26. TUNANGAN

120 31 37
                                    

"Bagaimana kita bisa menghargai orang lain. Kalau orang lain itu tidak bisa menghargai dirinya sendiri.

-Anonim

---

Gadi mengerutkan keningnya heran saat sudah sampai di tempat yang dikirimkan alamatnya oleh Fina tadi.

Gadi menatap ke arah meja yang di tempati oleh keluarganya itu. Bukan. Bukan ke keluarganya yang membuat Gadi bingung. Tapi dua orang yang juga duduk di meja keluarganya.

Fina yang awalnya masih mengobrol dengan perempuan yang Gadi yakini seumuran dengannya, mengalihkan pandangan ke arah Gadi yang masih mematung di tempatnya.

"Gadi! Kesini sayang!" ajak mamanya sambil melambai-lambaikan tangannya.
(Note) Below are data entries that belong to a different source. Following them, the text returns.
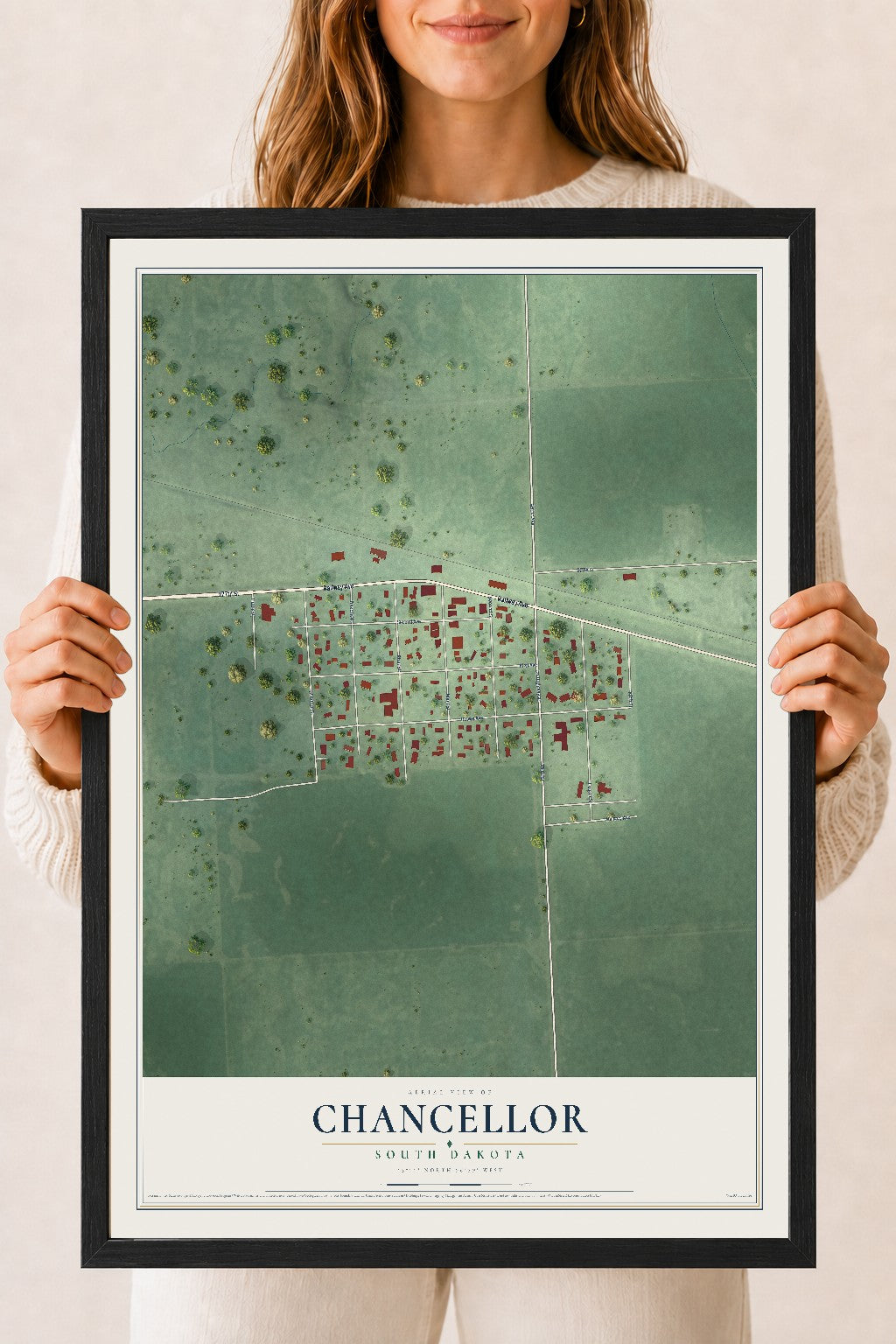 Map of Chancellor, South Dakota, 18 x 24 inch print in a black wood frame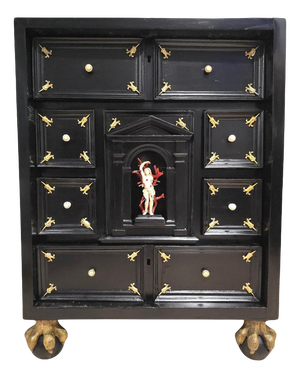 Antique Italian Ebonized Cabinet with Gilt Bronze Mounts and Sain, 1640
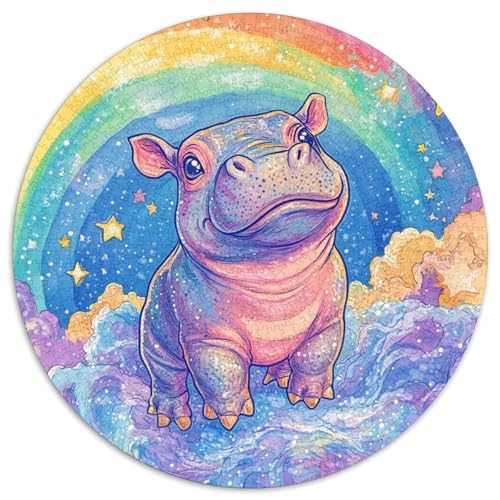Hippo 1000 Stück Puzzle Rund Puzzles Erwachsene Und Kinder Gemütliche Schwieriges Croissant Circular Herausforderndes Spielzeug Lustiges Stressabbau 1000pcs (67.5x67.5cm) von RTTASVLZX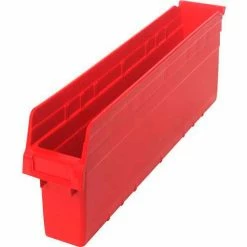 Outlet 🤩 Plastic Nesting Storage Shelf Bin QSB805 4-3/8"W x 23-5/8"D x 8"H Red - Pkg Qty 16 ⌛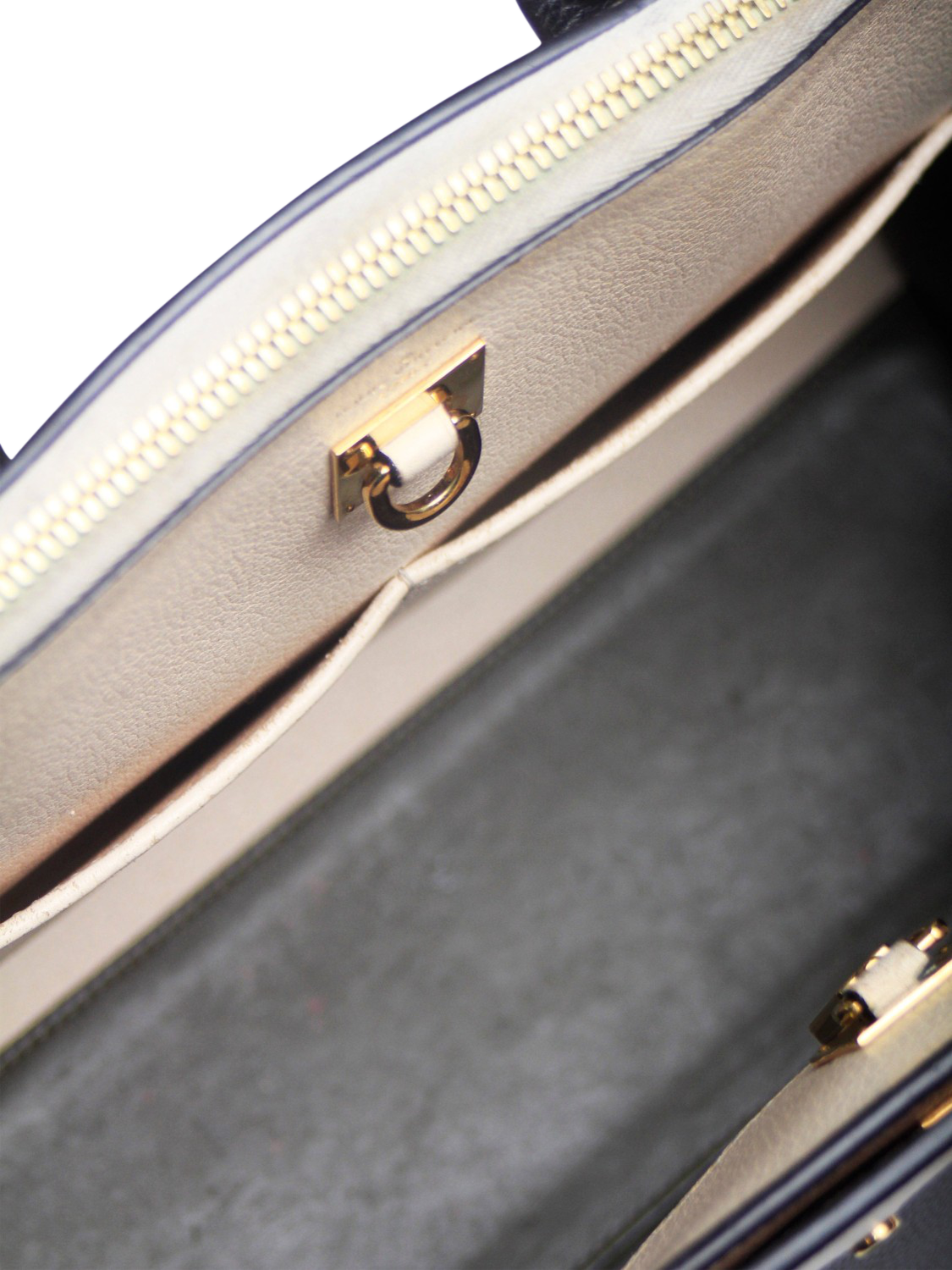 Product image 4 of 5, which shows Pre-loved Louis Vuitton On My Side Leather Top Handle Grab Bag, Military Green/Beige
Gadi menghembuskan napasnya kesal. Awalnya ia punya niat untuk kabur saja dari sini. Cowok itu pun mulai melangkahkan kakinya menuju meja keluarganya itu.

Saat Gadi telah duduk di kursi yang telah disediakan, papanya mulai bersuara mengenalkannya kepada dua orang tadi.
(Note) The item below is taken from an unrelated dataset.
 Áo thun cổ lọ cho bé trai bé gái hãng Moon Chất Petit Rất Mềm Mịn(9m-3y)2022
"Pak Ari, kenalin ini anak kedua saya. Namanya Gadi." ucap Ghafa dengan sopan. Lalu ia menatap ke arah Gadi. "Gadi, Pak Ari ini rekan bisnis Papa. Dia yang akan nenginvestasi di perusahaan kita untuk lima tahun ke depan," ujar papanya.

"Bodo amat," ucap Gadi di dalam hati.

Tapi nyatanya Gadi hanya menganggukkan kepalanya lalu tersenyum ke arah Pak Ari.
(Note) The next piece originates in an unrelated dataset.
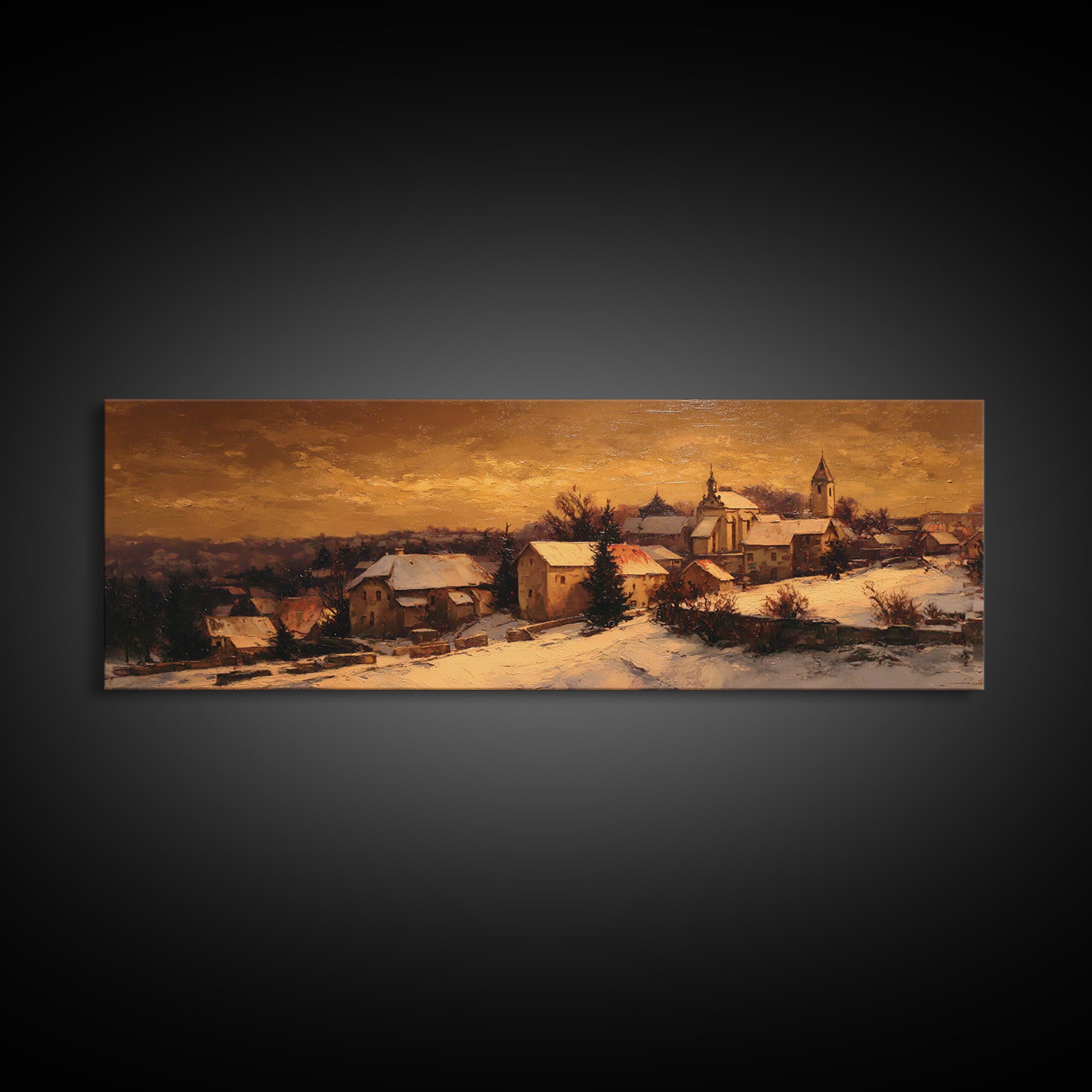 Snowy Village Landscape at Twilight Framed Canvas Print, Traditional Art, Wall Decor, Living Room Decor, Fine Art, Classic, TRA-3x1-59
"Sopan dikit boleh lah," batin Gadi lagi.

Saat pandangannya tidak sengaja beralih ke cewek yang berada di samping Pak Ari, Gadi menjadi kaget. Cowok itu itu tampak memikirkan sesuatu di otaknya.

"Kok dia ada disini juga?" Lagi-lagi Gadi membatin.

Sedangkan yang ditatap oleh Gadi menjadi kikuk. Cewek itu menundukkan kepalanya.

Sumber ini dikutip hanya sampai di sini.